- Problem statement
Would you repeat the listing below exactly, with no pictures in it?

- Dataset content
■ ■ ■ ■ ■ ■ ■
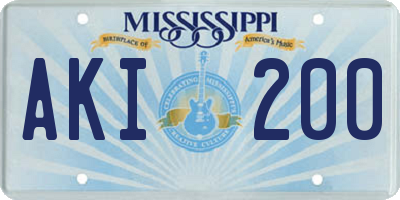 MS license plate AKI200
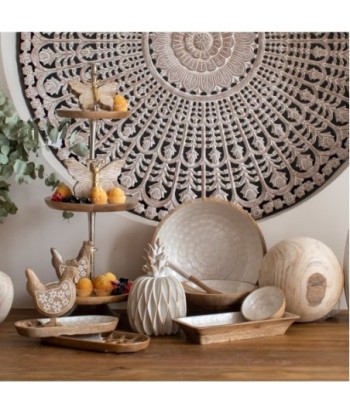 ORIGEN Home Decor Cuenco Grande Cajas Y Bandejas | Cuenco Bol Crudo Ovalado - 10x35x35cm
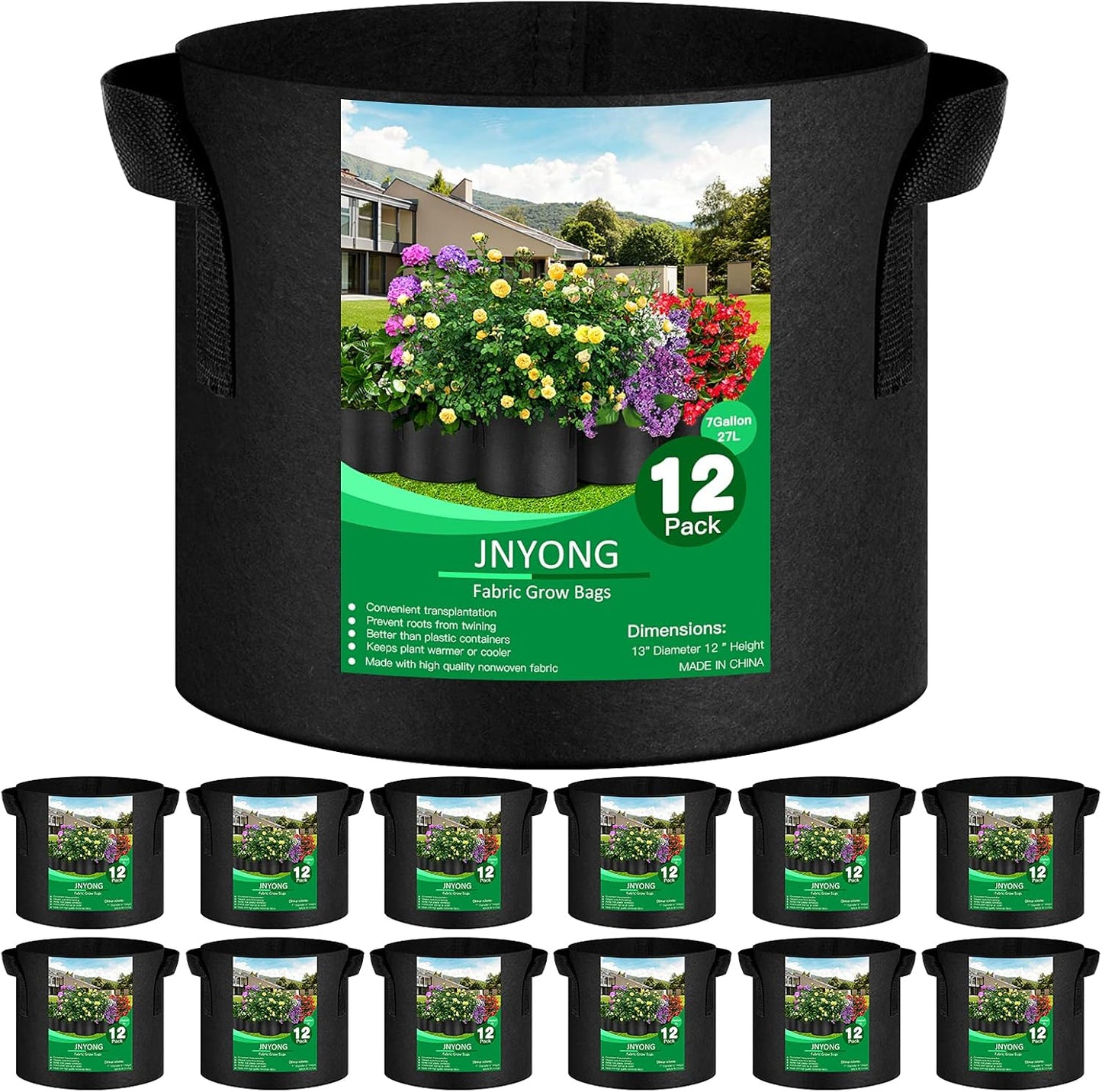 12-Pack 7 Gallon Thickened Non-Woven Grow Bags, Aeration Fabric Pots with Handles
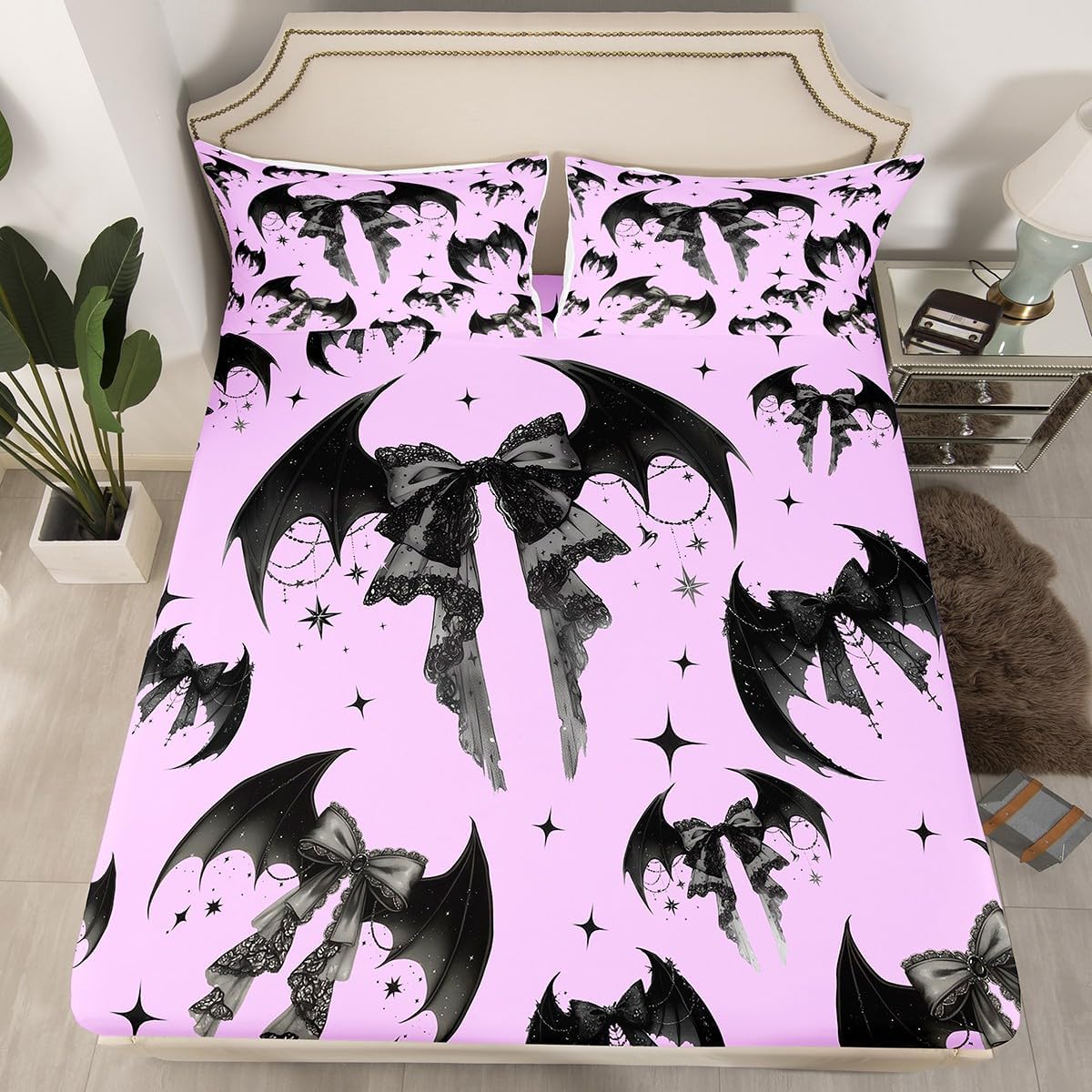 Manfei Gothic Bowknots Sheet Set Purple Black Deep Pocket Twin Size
■ ■ ■ ■ ■ ■ ■
- Exercise response
 MS license plate AKI200
 ORIGEN Home Decor Cuenco Grande Cajas Y Bandejas | Cuenco Bol Crudo Ovalado - 10x35x35cm
 12-Pack 7 Gallon Thickened Non-Woven Grow Bags, Aeration Fabric Pots with Handles
 Manfei Gothic Bowknots Sheet Set Purple Black Deep Pocket Twin Size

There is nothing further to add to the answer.